Taffy was a Welshman, Taffy was a cheat,
Taffy came to my house, and stole a piece of meat;
I went to Taffy's house, Taffy was not there,
I hung his coat and trousers to roast before a fire.

==Origins and history==
The term "Taffy" may be a merging of the common Welsh name "Dafydd" (/cy/) and the Welsh river "Taff" on which Cardiff is built, and seems to have been in use by the mid-eighteenth century. A rhyme in Tommy Thumb's Pretty Song Book, printed in London around 1744, has the lyrics:

Taffy was born
On a Moon Shiny Night,
His head in the Pipkin,
His Heels upright.

The earliest record we have of the better known rhyme is from Nancy Cock's Pretty Song Book, printed in London about 1780, which had one verse:

Taffy was a Welshman, Taffy was a thief;
Taffy came to my house and stole a piece of beef;
I went to Taffy's house, Taffy wasn't home;
Taffy came to my house and stole a marrow-bone.
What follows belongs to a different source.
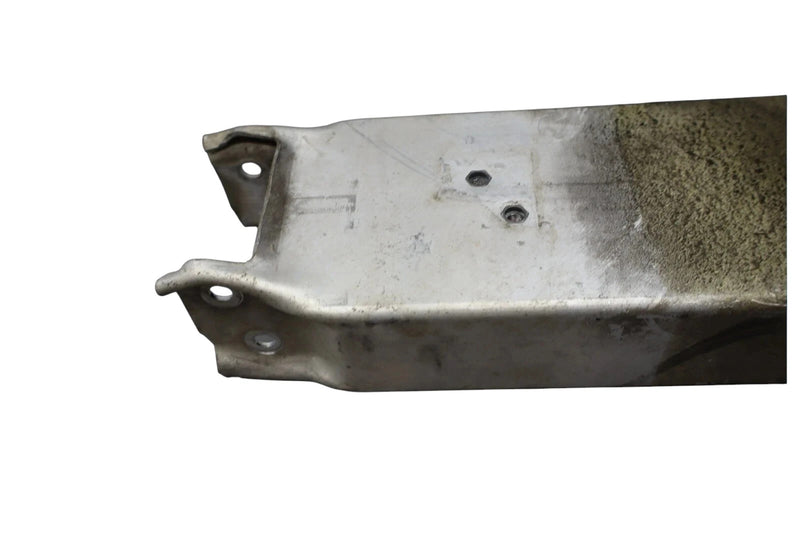 Load image into Gallery viewer, 09-15 BMW 750i 740i Front Left Driver Side Bumper Reinforcement Bar Bracket Oem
Similar versions were printed in collections in the late eighteenth century, however, in Songs for the Nursery printed in 1805, the level of violence in the poem increased:

I went to Taffy's house, Taffy was in bed,
I took the marrow bone and beat about his head.

In the 1840s James Orchard Halliwell collected a two verse version that followed this with:

I went to Taffy's house, Taffy was not in;
Taffy came to my house and stole a silver pin.
I went to Taffy's house, Taffy was in bed;
I took up a poker and threw it at his head.

This version seems to have been particularly popular in the English counties that bordered Wales, where it was sung on Saint David's Day (1 March) complete with leek-wearing effigies of Welshmen.